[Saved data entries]
=== Section Start ===
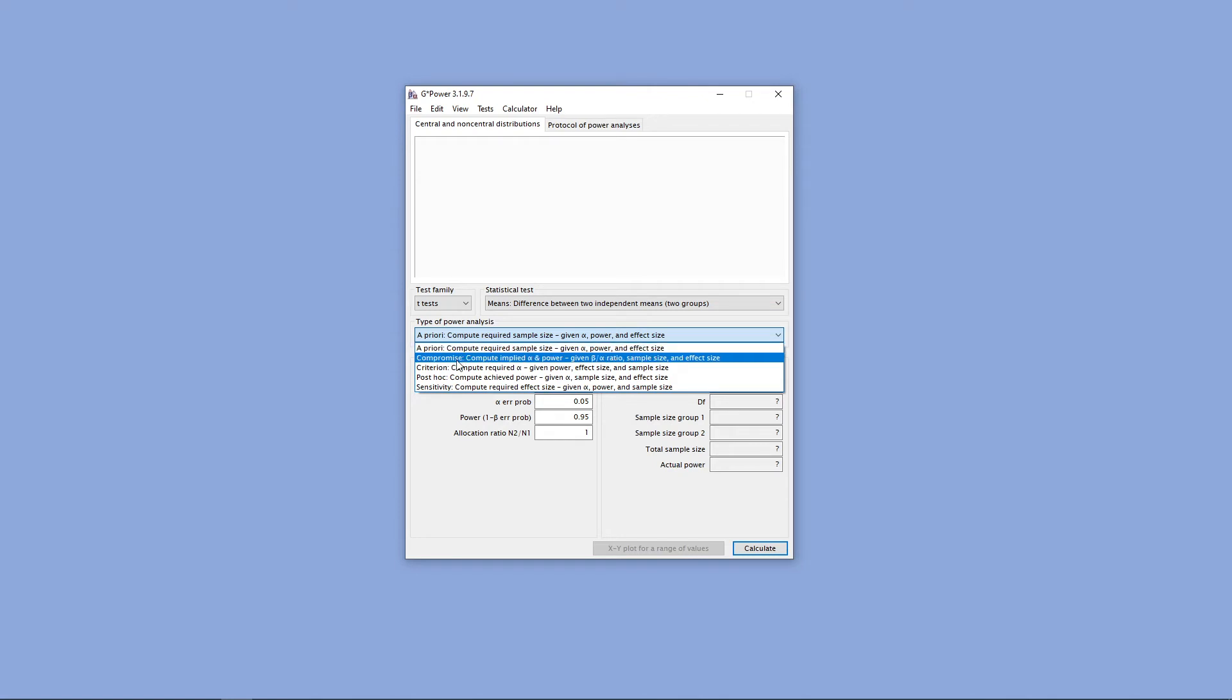But you also have some other options, such as a post-hoc test, where we can calculate the achieved power given an alpha level, sample size, and effect size.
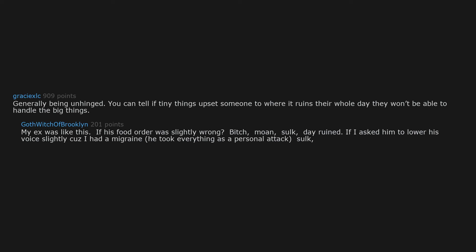If I asked him to lower his voice slightly because I had a migraine, he took everything as a personal attack. Sulk, stomp around the house giving me the silent treatment. He was so effing negative it drained the life from me.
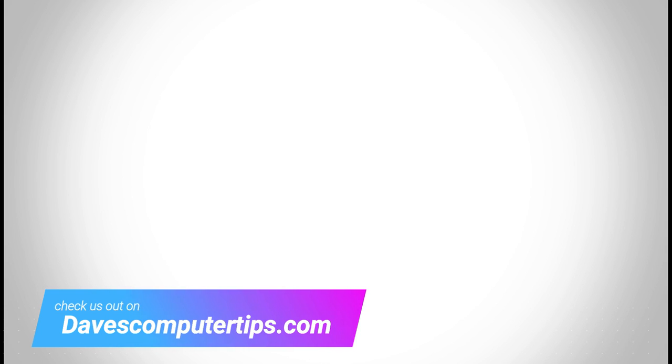Make sure to check out davescomputertips.com where all our articles are, and make sure to subscribe to this channel. And thanks for watching.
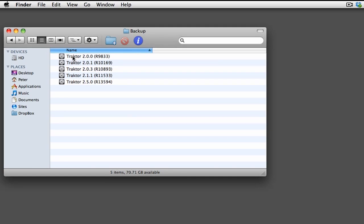Native Instruments ensures that for the working professional, you have a way of going back to a previous version in case something goes wrong when you really need to have everything working right.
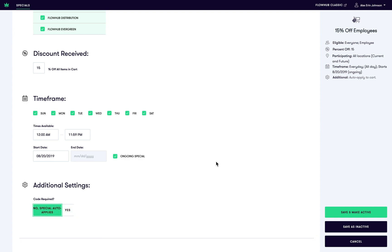Now let's review our special. Everyone that is an employee is eligible for this discount. It's 15% off. All locations are participating, current and future.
=== Section End ===
◆ **TASK PROMPT**
In the records above, find the line that contains "Native Instruments ensures". Retype it and every line after it, exactly, leaving out all pictures.

◆ **RESPONSE AREA**
Native Instruments ensures that for the working professional, you have a way of going back to a previous version in case something goes wrong when you really need to have everything working right.
Now let's review our special. Everyone that is an employee is eligible for this discount. It's 15% off. All locations are participating, current and future.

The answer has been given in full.